Lyft releasing 683 employees to become leaner and financially stronger
683 Lyft employees will be laid off as part of the company’s cost-cutting efforts.
Ride-hailing giant Lyft is laying off 683 employees as part of a cost-cutting effort, the company said on Tuesday.
The move comes as Lyft, which is scheduled to go public next month, looks to cut costs ahead of its debut on the stock market.
The layoffs will affect 9% of Lyft’s workforce and are the biggest round of job cuts in the company’s history. The company will take a $60 million charge because of layoffs.
Six hundred and eighty-three Lyft employees will be laid off as part of its cost-cutting measures
Lyft is laying off 683 employees across the U.S. in a cost-cutting push that will center on its human resources, marketing, and recruiting teams.
The ride-hailing company announced the layoffs in an email to staff on Tuesday, saying the move was necessary to achieve profitability. The company has been burning through cash as it battles Uber for supremacy in the U.S. market and has been under pressure from investors to cut costs.
“We need to get to profitability and ensure our long-term health as a business,” Lyft co-founder and president John Zimmer wrote in a company-wide email.
The layoffs represent about 9 percent of Lyft’s 7,000 employees worldwide.
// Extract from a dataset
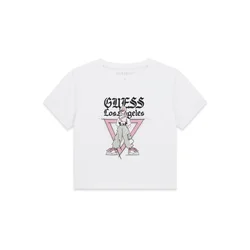 GUESS Majica kaki/staro roza/črna/bela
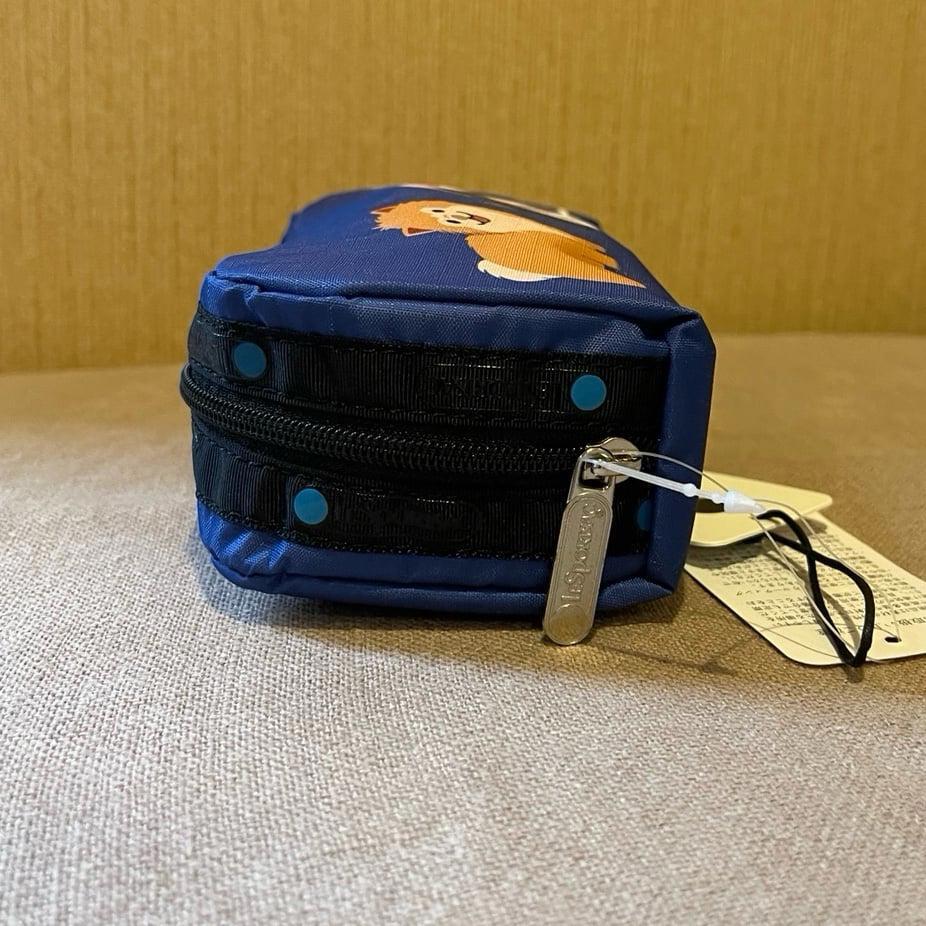Lesportsac Dog Rectangular Cosmetic Bag NWT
Most of the affected workers are based in San Francisco, where Lyft is headquartered, but there are also cuts in New York, Seattle, and other cities.
How will this affect Lyft’s business?
Lyft’s decision to let go of employees will affect its business. The company has been under pressure to cut costs, and this move will help it achieve that goal. However, the layoffs will also reduce the company’s workforce and could lead to lower morale among the remaining employees. It is unclear how Lyft will manage its business without the affected employees.
How will this affect the rideshare industry?
The coronavirus pandemic has decimated ride-sharing demand, and Lyft is feeling the pinch. The company announced yesterday that it would release 982 employees, or 14% of its workforce.
This is a significant blow to the rideshare industry, which has already been struggling to compete with traditional taxi and transportation companies. The pandemic has only exacerbated those problems, as people are hesitant to use shared ride services.
Lyft’s layoffs will have a ripple effect throughout the industry as other companies attempt to cut costs to stay afloat. This could mean fewer drivers on the road, higher prices for riders, and shorter wait times for cars. Rideshare is going through a tough time, and it’s unclear when the industry will recover.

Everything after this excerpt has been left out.